| What to do |
When you restate the data, keep every word as it is and drop the images.

| Data excerpt |
-------------------------
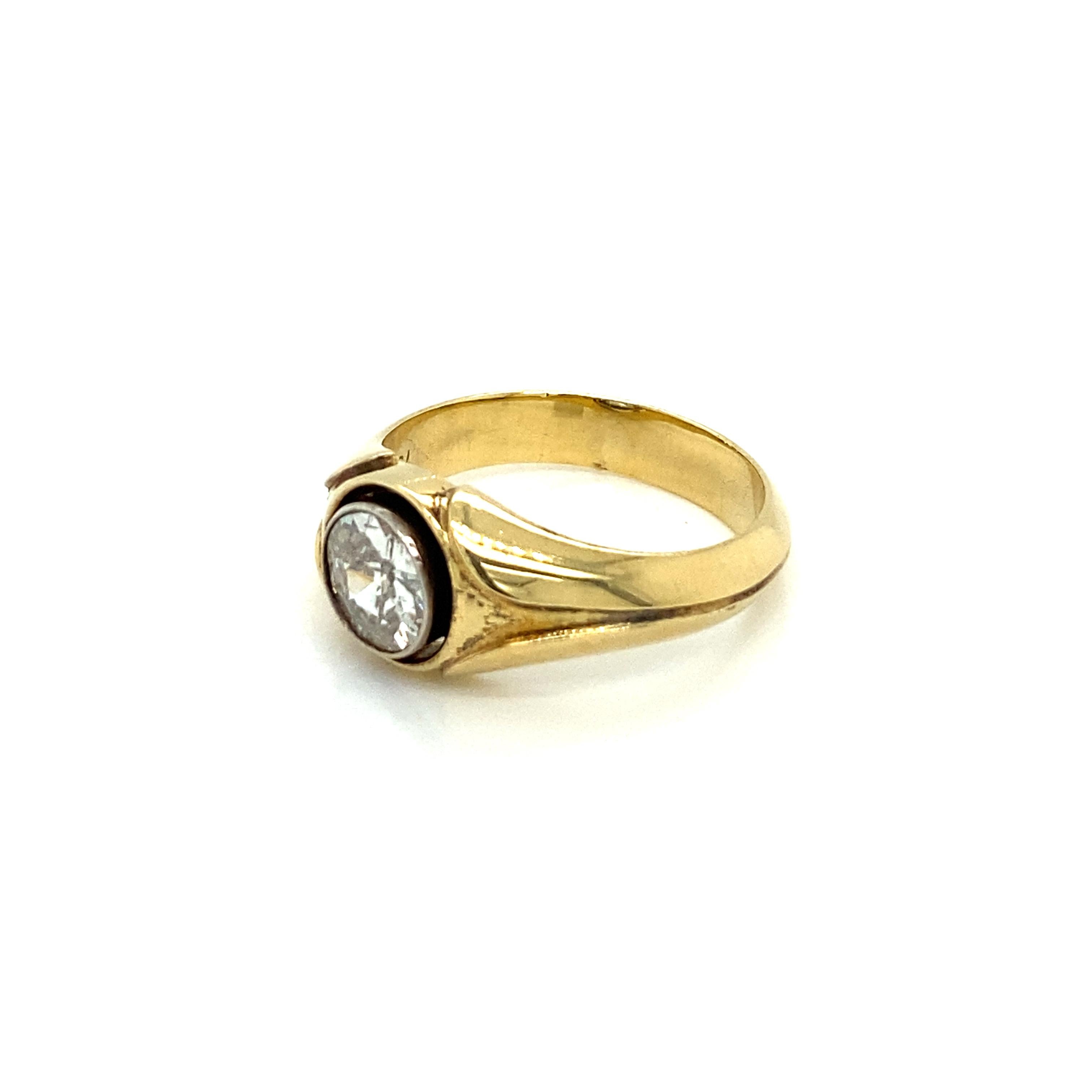 Retro 1.10 Carat Diamond Solitaire Unisex Gold Ring In Excellent Condition In Napoli, Italy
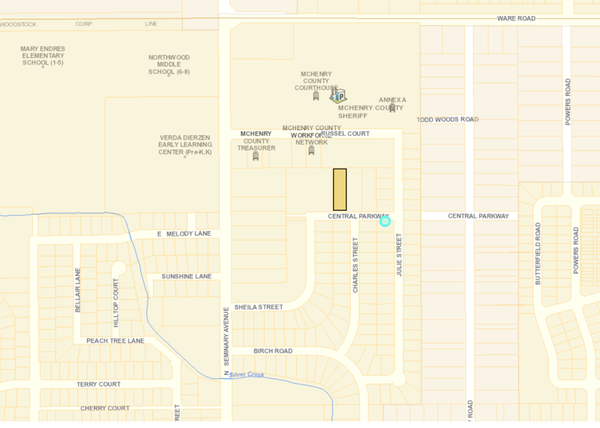 600 Central Parkway Rd, Woodstock, IL 60098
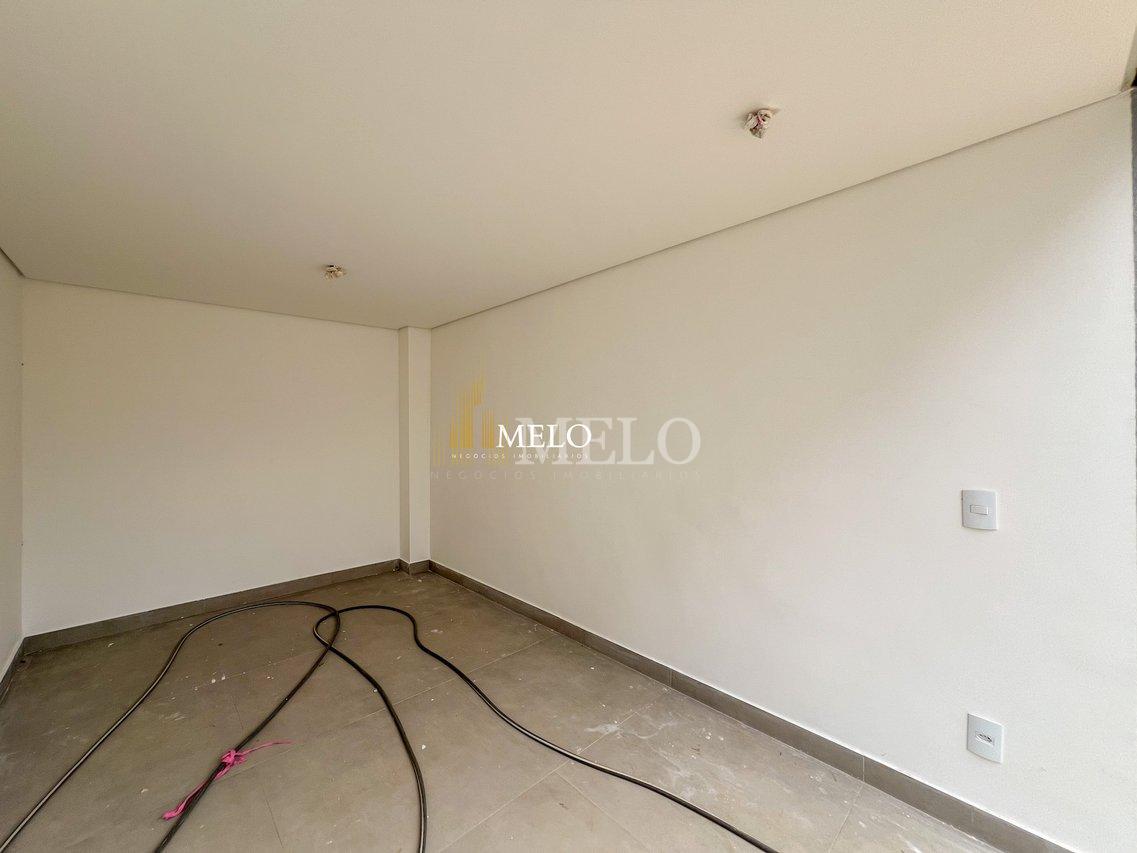 Belíssima casa Geminada Duplex a venda no Planalto por R$750.000,00 - Belo Horizonte - 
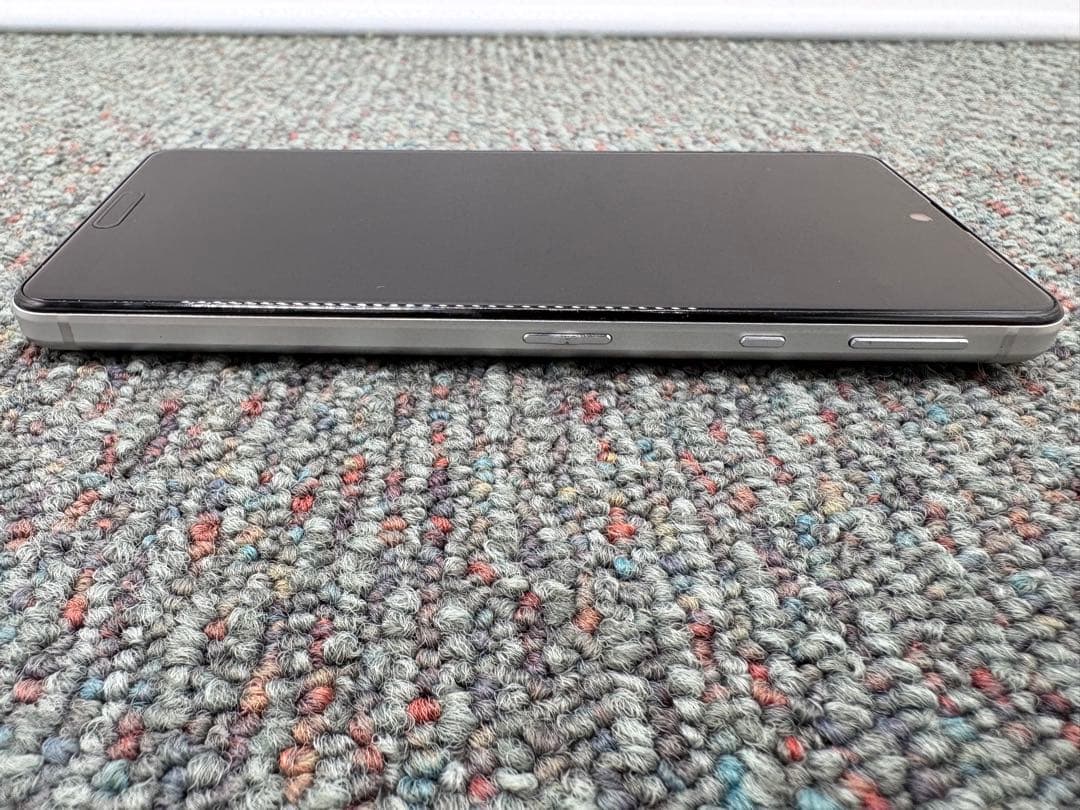 AQUOS sense4　SH-41A　64GB　スマホ　Android　981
-------------------------
| Solved problem |
 Retro 1.10 Carat Diamond Solitaire Unisex Gold Ring In Excellent Condition In Napoli, Italy
 600 Central Parkway Rd, Woodstock, IL 60098
 Belíssima casa Geminada Duplex a venda no Planalto por R$750.000,00 - Belo Horizonte - 
 AQUOS sense4　SH-41A　64GB　スマホ　Android　981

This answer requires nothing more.